3. As we see it now, presidential race may face following problems:
a. Agreement among military on single military candidate. Our interest lies in ensuring that there is only one military presidential candidate. We should seek to avoid a Thieu-Ky ticket on grounds that it would represent "no change", and we gather in any event that neither Thieu or Ky is inclined to become a vice presidential candidate or to serve as prime minister under the other. While both Thieu and Ky have their advantages and disadvantages, U.S. should not attempt to intervene in favor of either candidacy but be prepared to accept either one. This of course assumes that emergence of either Thieu or Ky as military candidate will not create irreconcilable rifts within military establishment.
b. Civilian participation in military ticket. We believe it is important for military presidential candidate to include on his ticket a prominent, attractive civilian as his vice presidential candidate. We are also inclined to believe that military candidate, if successful, should name prominent civilian as prime minister. In selecting vice presidential candidate and a prime minister, military candidate would have to bear in mind importance of regional representation as well as selection of individuals with whom he can work as team.
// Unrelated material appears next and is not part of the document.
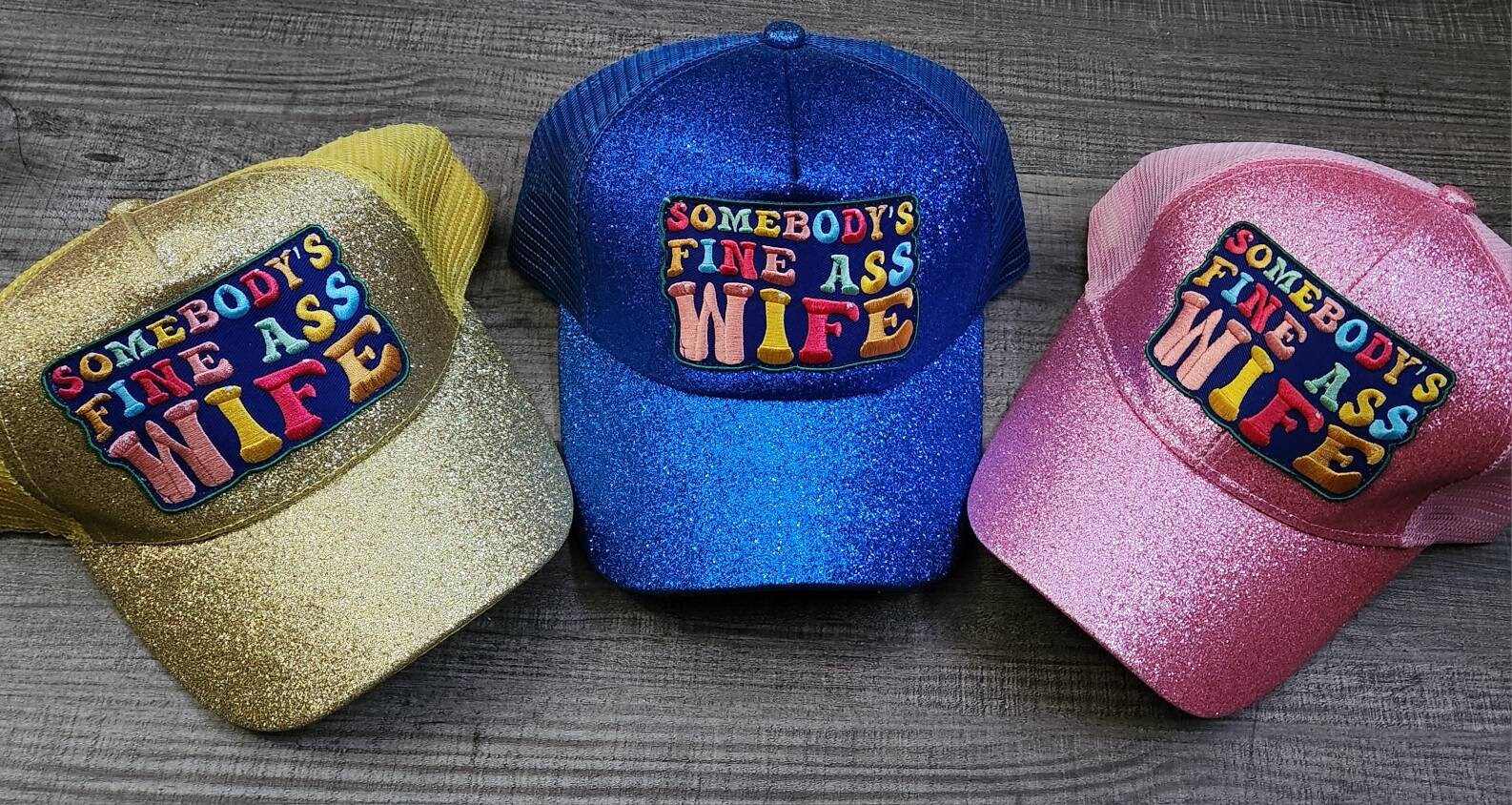 Cute Messy Bun/Ponytail Hat, with "Somebody's Fine A** WIFE" Color Patch, Glitter Hat, Sparkling Bad Hair Day Hat, Popular Patch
c. Military participation in civilian ticket. Although civilian presidential candidate would probably select another civilian as his vice presidential running mate, it would be important for him to make clear his intentions of cooperating fully with military establishment and perhaps even of naming military man as prime minister. Should civilian candidate win election, problem would then be to ensure that military swung behind him with their full support.
d. Naming of prospective Prime Minister. While it might be normal for prime minister to be named only after elections, we wonder whether it would not be wiser if he were named beforehand, at same time candidates announce their platforms. In this way further scope is provided for balancing regional, religious and other interests and particularly for establishing civil-military balance. Believe this would have importance internally in South Viet-Nam and know it would be optically helpful on international scene.
4. We would welcome your comments on above./3/
/3/In a reply to this message, Lodge offered his concurrence in these guidelines, especially since the success of the election lay in the maintenance of military unity and civilian participation, most likely at the prime ministerial position on the ticket (which would be named during the campaign in order to maximize the ticket's appeal). (Telegram 20032 from Saigon, March 10; ibid.)